フィジーで英語学校の校長を務める永崎裕麻さん。2020年春から「日本・フィジー・デンマーク」の世界3拠点生活(トリプルライフ)を送る予定でしたが、コロナの影響もあり、現在はフィジーに滞在しています。今回のテーマは「南国育休」について。南国で育休? そんな夢みたいなこと…と思いますが、意外にも現実的な選択肢だそうです。はたしてその理由は。
日本の男性はせっかくの育休制度を生かし切れていない
2020年度、日本における育児休業取得率は女性が81.6%、男性は12.65%(厚生労働省/雇用均等基本調査)でした。
この取得率の差もさることながら、育休取得期間の差も大きい。
2018年度のデータによると、女性の育休期間は「10~12カ月未満」が31.3%、「12~18カ月未満」が29.8%、「8~10カ月未満」が10.9%の順で多くなっています。
一方、男性の場合は「5日未満」が36.3%、「5日~2週間未満」が35.1%となり、2週間未満の育休が全体の7割を超えています。(※2020年度データでは、「5日未満」の割合のみ公開されており、28.33%となっている)。女性に比べて、圧倒的に育休期間の日数が少ないのです。

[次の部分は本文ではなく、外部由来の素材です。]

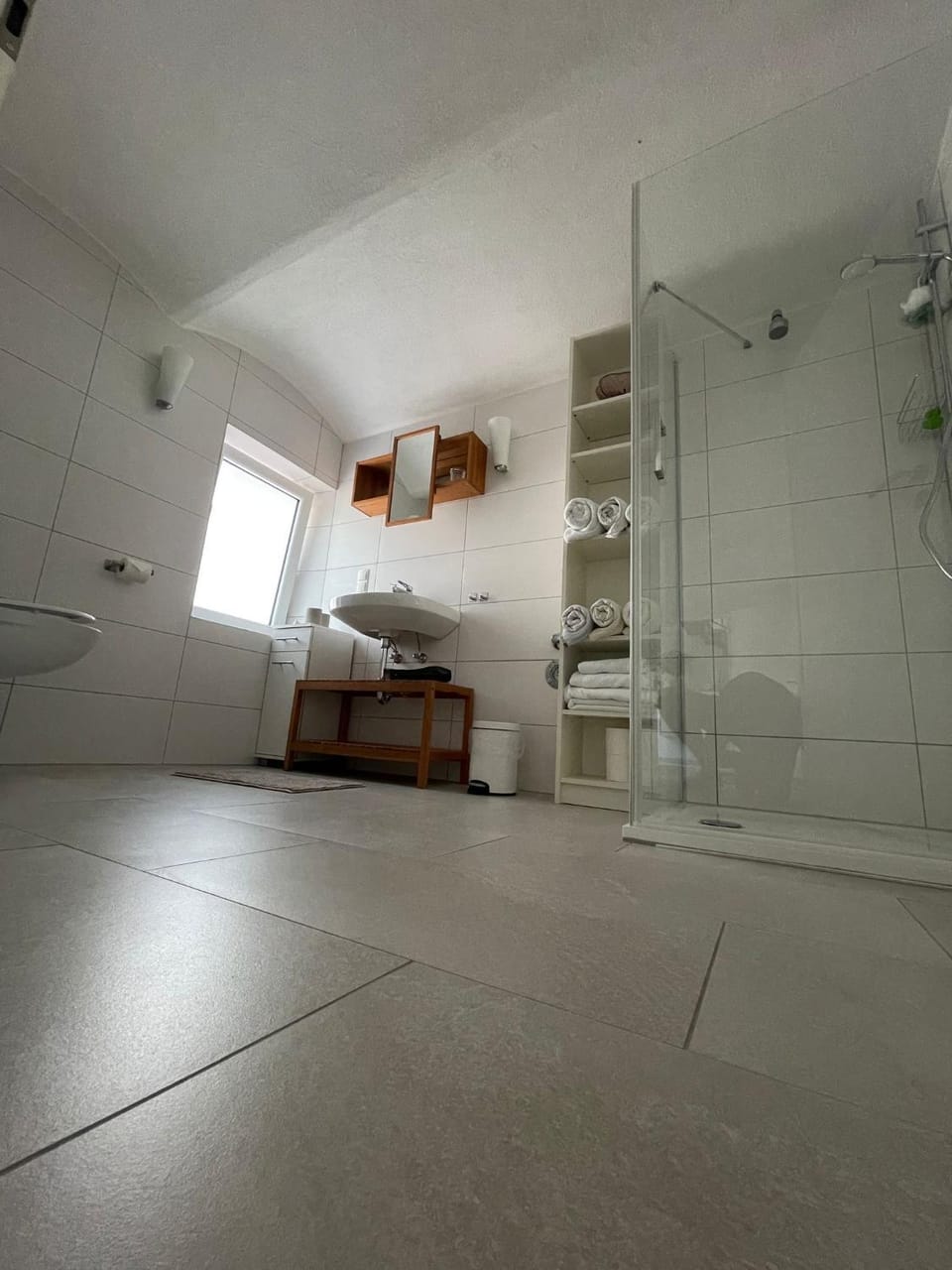 Shower, Bathroom, towels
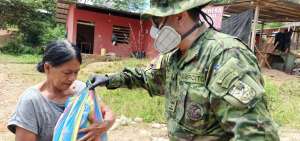 Fuerzas Armadas ayudan en la entrega de kits de alimentos a poblaciones vulnerables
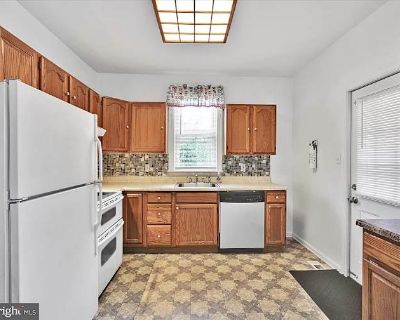 Private room with shared bathroom in a House with 1 roomie, Norwood, PA 19074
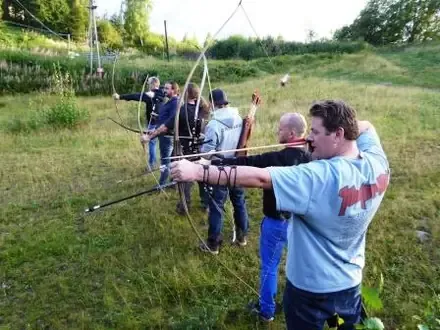 Seks konsentrerte skyttere, hvorav fire er påmeldt NM i langbue på Vinstra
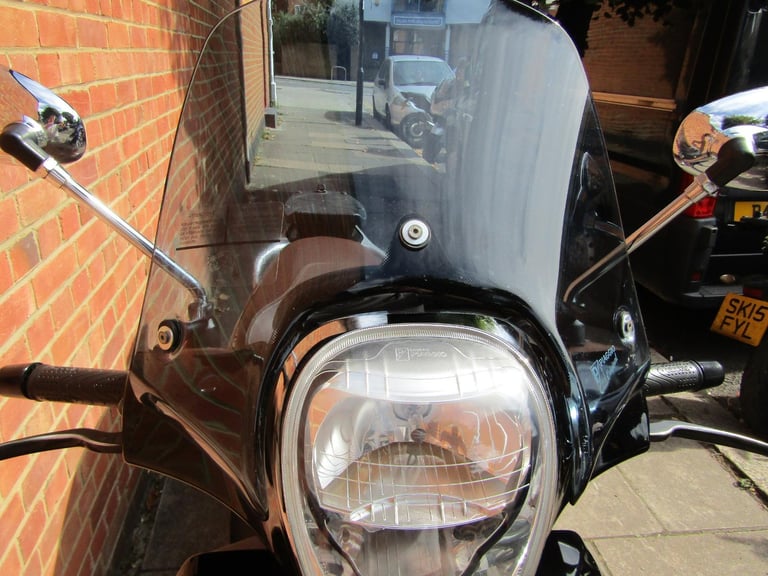 PIAGGIO BEVERLY 300cc GREAT COMMUTER VERY FAST AND RELIABLE. CHEAP TO RUN.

あまり知られていないかもしれませんが、実は日本の男性育休制度は世界の中でも優れていると言われています。2021年に発表されたユニセフの報告書「先進国の子育て支援の現状」(取得可能な育休期間や給付率を考慮)でも、日本の男性育休制度は41カ国中1位に輝いています。
他国のイクメンたちが嫉妬しそうな日本の男性育休制度ですが、上述したように取得率や取得期間などは劇的に低い状況にあります。いったいなぜなのか?
よく言われているのが以下のような理由です。
・会社の理解がない(上司に言い出しにくい、前例がない)
・収入を下げたくない
・出世に影響する
などなど。
もしかしたら、これらの「育休が取得しにくい理由」をしのぐような「ぜひとも育休を取得したい理由」がないから、世界一の育休制度を活用できていないのかもしれません。僕自身、2人の子どもを育てている立場から、男性が育休を取得するメリットはいろいろあると思います。
・家族内時間を担保でき、思い出を量産できる
・働かなくても収入が確保できる
・妻や女性スタッフからの信頼が得られる(出産後、妻の夫に対する愛情は低下する傾向があるが、協力して育児をした場合はそれを防ぐことができるという説もあります)
ただ、これらのメリットだけでは日本のパパたちを動かすには不十分ということなのでしょう。では、他にどんなメリットが必要なのか。
僕は「ワクワク」だと思っています。男性にとっての育休のイメージとは、家の中でおむつを替えたり、赤ちゃんに哺乳瓶でミルクを飲ませたりと、何となく地味でコツコツやるというものかもしれません。「ワクワクできないもの」という印象なのではないでしょうか。